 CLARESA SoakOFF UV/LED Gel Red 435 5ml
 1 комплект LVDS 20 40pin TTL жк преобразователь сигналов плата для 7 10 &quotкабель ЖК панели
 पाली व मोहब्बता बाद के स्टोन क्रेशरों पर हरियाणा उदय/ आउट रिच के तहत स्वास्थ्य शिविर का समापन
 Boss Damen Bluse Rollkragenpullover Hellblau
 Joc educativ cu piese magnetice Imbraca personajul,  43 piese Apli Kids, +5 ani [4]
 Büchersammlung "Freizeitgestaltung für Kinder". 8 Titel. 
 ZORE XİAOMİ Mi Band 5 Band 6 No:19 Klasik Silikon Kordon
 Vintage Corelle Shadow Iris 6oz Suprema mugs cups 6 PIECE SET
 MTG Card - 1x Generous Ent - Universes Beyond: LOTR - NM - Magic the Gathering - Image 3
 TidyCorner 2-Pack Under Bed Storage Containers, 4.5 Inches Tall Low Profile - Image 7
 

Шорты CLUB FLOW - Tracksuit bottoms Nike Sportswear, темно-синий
────────────────────────────────────────
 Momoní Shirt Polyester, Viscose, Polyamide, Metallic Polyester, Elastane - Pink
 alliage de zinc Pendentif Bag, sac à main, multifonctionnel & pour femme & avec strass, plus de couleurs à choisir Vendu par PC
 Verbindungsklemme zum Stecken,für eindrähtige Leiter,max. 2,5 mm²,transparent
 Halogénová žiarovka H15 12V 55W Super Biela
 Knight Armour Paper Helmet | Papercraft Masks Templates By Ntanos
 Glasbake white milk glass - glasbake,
────────────────────────────────────────
--- Work task ---
Return the lines of the listing where the string "Image" appears.

--- Response ---
 MTG Card - 1x Generous Ent - Universes Beyond: LOTR - NM - Magic the Gathering - Image 3
 TidyCorner 2-Pack Under Bed Storage Containers, 4.5 Inches Tall Low Profile - Image 7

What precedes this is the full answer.